Wednesday, November 2, 2011

Why is CKCU important?

Paying back what’s owed: my debt to Radio Carleton

Why is CKCU-FM so important to so many people? Why do we continue to contribute to the fundraising campaign year after year, decades after leaving Carleton U? I know it is because we formed lifelong personal and professional friendships working at the station, and we had a lot of fun in those early days. But for me, it was a genuine turning point in my life: I owe any success I have had to my experience at Radio Carleton.

When I first came to Carleton in the fall of 1974, I was returning to university after more than a year working as a waiter. I already had a number of strikes against me: I had eked through CEGEP in Montreal and then dropped out of first year Ottawa U; I was a new father; I was studying for a BA, against my personnel manager father's best advice, as he saw it as a degree with no practical application; and although I aspired to be a journalist, I neither typed nor took shorthand, skills required for journalism school.

But Carleton had one thing few other universities offered: a radio station that welcomed volunteers. Although only carrier current at the time, its leadership also had a dream: to become a legitimate FM broadcaster.

So I walked shyly into Radio Carleton and was welcomed by the then-public affairs director, Chris Henry, asked about my interests (politics and sports) and quickly assigned to a weekly magazine program, Parliament in Review. It was a revelation: I was able to go to Parliament Hill every day and listen to Question Period and join with other professional journalists outside the House of Commons in the daily “scrums.” I had access to Members of Parliament whenever I needed a quote for a documentary or story. And I could apply what I was learning in the classroom to the issues of the day. I undertook documentaries on women in politics and capital punishment, among others.

I became confident in my own knowledge and learned more from the “pros” I rubbed shoulders with each day on the Hill. And working alongside brilliant students of radio like Randy Williams, Rob Braide, Craig Mackie, Andrea Thiel, Jeff Greene, Penny Macrae, Eric Dormer, and so many others, I honed my skills. From time to time, one of the journalism students at CKCU would slip me into a class and I would glean some knowledge from professors like Joe Scanlon and George Frajkor.

In November of 1975, we did get the desired FM license and we were broadcasting to the entire National Capital Region; my learning experience grew, as did my access. I covered the Progressive Conservative convention in February 1976, interviewing all of the candidates as well as former leader John Diefenbaker at his home with colleague Paul Park. I had special access to candidate Brian Mulroney, and was on the floor when Joe Clark was declared the winner. I branched out into sports, attending Montreal Canadiens, Montreal Alouettes and Expos games and doing interviews for the sports program of the time. I even attended the Stanley Cup parties with the “Habs” and Montreal media. That spring, I received the award for best reporter/researcher, and “Parliament in Review” won for best public affairs program. And in the process, I became a much more engaged student.

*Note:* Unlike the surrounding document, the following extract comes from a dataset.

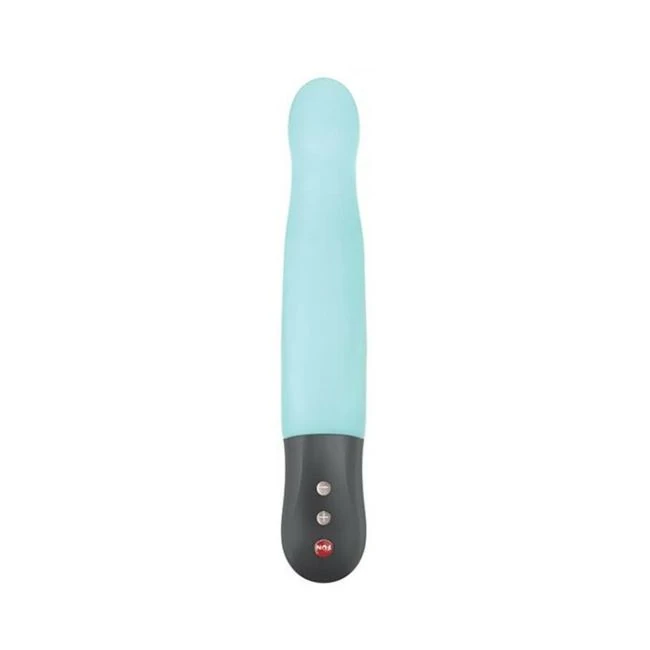 Fun Factory Stronic G Back and Forth Vibration - Pool Blue - Design & Technical Features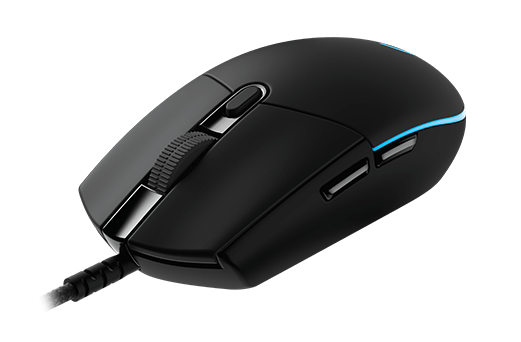 Logitech G Pro Mouse Review: Great Components, No Fluff | by Alex Rowe |  Cube | Medium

The next year, I went to Washington DC and reported on Prime Minister Pierre Trudeau’s meeting with President Jimmy Carter at the White House and his address to a joint session of Congress. I also produced a documentary on the impact of the 1976 Parti Québécois election for “Special Blend.”

When I money for tuition ran short, I decided to take my experience as a reporter and see the country, working in radio and television in Montreal, Quebec City, Calgary, St. John’s, and Corner Brook. This led to opportunities to work on the Quebec referendum campaign, and as assistant to the opposition leaders in Quebec and Newfoundland and finally as a press secretary on Parliament Hill. Then seven years later, I returned to Carleton to complete my degree.

Since then, I have branched out to write articles and op-eds for the Globe and Mail, Montreal Gazette, Calgary Herald and others. I worked for CBC Radio in Montreal and ran for office, becoming a municipal councilor in the Montreal area. When I went to Geneva in 1995 as the spouse of a diplomat, reading the morning news as a volunteer at the local radio English language station provided me with a profile that led to job opportunities in the UN system, working in Africa, Macedonia and Bangladesh.

In 2000, I returned to Ottawa to study at Carleton and received a Master’s in Journalism with a thesis about the impact of the news media on the United Nations called “Like Moths to a Flame.” And now, thanks to that degree, I have been at Foreign Affairs and International Trade Canada since 2002.

I often think, “there but for fortune go I,” and know that I might still be waiting on tables if not for the support and encouragement of my colleagues at Radio Carleton. That small community was an island of sanity for me, and I always tell Carleton students looking for a challenge to go to the fifth floor of the University Centre and see if that is where they belong.

My story is one of many: there are uncountable numbers of CKCU-FM “graduates” who have gone on to positions of prestige and responsibility in broadcasting and elsewhere, and that is why we are so loyal to Radio Carleton. As for me, I will never really be ever to repay what it gave me, but my annual contribution is one small way of giving back.

Andrew Caddell, BA ‘86, MJ ‘02, is the global practice lead, forestry at Foreign Affairs and International Trade Canada.